Professors show off moves at annual fundraiser
In academia, professors often face large crowds of snoozing, drooling students who wait for the ticking clock to release them from the grips of learning.
But when professors shed their pantsuits and don sultry dresses and dashing tuxedos, they can dazzle a crowd with dance moves you won’t see in Five Points.
Dancing with the Deans occurs but once a year inside the Russell House Ballroom. It pits eight deans — paired with professors or administrators at Carolina — against one another in a dancing frenzy, choreographed by professionals and practiced for hours.

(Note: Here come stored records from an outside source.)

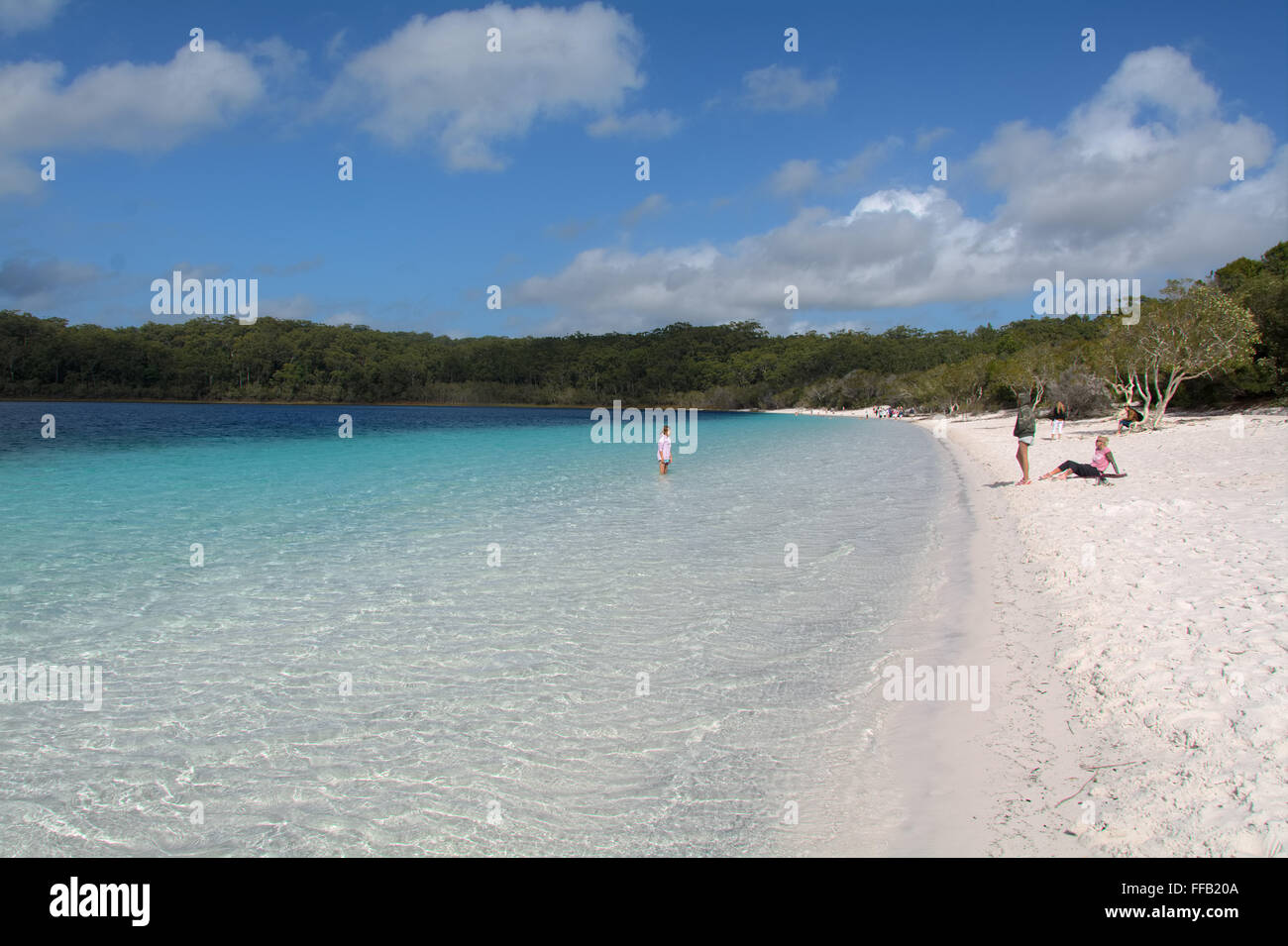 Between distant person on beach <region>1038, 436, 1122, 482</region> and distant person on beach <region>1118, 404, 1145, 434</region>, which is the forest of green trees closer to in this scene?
distant person on beach <region>1118, 404, 1145, 434</region>

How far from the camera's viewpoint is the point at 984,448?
34375mm

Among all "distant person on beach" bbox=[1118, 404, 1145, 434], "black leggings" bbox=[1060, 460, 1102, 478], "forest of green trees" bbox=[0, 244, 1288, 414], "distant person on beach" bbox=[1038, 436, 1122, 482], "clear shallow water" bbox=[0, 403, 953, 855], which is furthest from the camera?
"forest of green trees" bbox=[0, 244, 1288, 414]

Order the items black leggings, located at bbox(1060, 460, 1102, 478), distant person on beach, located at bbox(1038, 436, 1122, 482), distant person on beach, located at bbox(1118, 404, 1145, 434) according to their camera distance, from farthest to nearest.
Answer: distant person on beach, located at bbox(1118, 404, 1145, 434)
black leggings, located at bbox(1060, 460, 1102, 478)
distant person on beach, located at bbox(1038, 436, 1122, 482)

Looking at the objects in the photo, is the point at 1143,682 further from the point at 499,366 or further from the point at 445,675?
the point at 499,366

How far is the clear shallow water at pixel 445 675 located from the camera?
451cm

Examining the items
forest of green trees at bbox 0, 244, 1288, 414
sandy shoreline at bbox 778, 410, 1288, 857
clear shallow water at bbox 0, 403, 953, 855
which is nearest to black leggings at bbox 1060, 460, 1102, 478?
clear shallow water at bbox 0, 403, 953, 855

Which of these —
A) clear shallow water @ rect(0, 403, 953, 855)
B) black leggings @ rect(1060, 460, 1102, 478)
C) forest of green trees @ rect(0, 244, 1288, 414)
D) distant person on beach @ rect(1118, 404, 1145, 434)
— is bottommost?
clear shallow water @ rect(0, 403, 953, 855)

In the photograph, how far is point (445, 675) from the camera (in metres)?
6.91

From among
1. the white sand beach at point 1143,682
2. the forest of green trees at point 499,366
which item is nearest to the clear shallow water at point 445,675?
the white sand beach at point 1143,682

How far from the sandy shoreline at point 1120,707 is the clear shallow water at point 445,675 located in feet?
2.52

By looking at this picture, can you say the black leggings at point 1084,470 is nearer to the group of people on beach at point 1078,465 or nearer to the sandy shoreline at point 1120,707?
the group of people on beach at point 1078,465

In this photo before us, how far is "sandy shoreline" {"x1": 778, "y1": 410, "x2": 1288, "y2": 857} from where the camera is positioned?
4000 millimetres

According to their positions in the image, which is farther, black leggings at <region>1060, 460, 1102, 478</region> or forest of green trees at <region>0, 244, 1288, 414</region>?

The cause: USC’s Family Fund, a pool of money generated from faculty and staff who donate for scholarships and a litany of other areas. Before the shindig, officials from the development office solicit gifts for the fund, which has raised more than $35 million since the 1970s, according to USC.
Three judges mete out scores, much to the delight or chagrin of the masses, who flock in droves for this almost surreal experience. The free lunch might also help.
“When you think academics, you don’t think this,” said John Farley, the chief meteorologist at WIS-TV and one of the judges. “I’m going to need a cold drink or a cold shower.”
Lemuel Watson and Jill Michels, this year’s winners, almost achieved a perfect score with their up-tempo, sexy cha-cha, synced with Michael Jackson’s “Pretty Young Thing”. They grooved across the floor, matching in a fuchsia and black getup that wowed the judges.
“Typically we prefer garnet and black, but if you can wear fuchsia like that, it works,” said Larry Hembree, director of special programs at the Nickelodeon Theatre and another judge.
Farley, after delivering effusive praise for the routine, gave a brief sensual growl. The duo said they practiced about seven times and that the performance went off “perfectly.”
Charles Bierbauer, dean of the College of Mass Communications and Information Studies, played the mysterious role of James Bond, winning points for his intense facial expressions, according to the judges. Robert Wilcox, leader of USC’s law school, used a cane for a prop as he waltzed with professor Michelle Martin.
Margaret Lamb, known during daylight hours as USC’s spokeswoman, shimmied her way across the room, clad in a frilly flapper dress and a smile beaming across her face.
Along with her partner David Hodson, an assistant dean in the College of Nursing, she had just mastered a rousing version of the Charleston that transported audiences back into the 1920s.
The judgment began with Hembree.
“Margaret, Beyonce ain’t got nothing on you, girl.”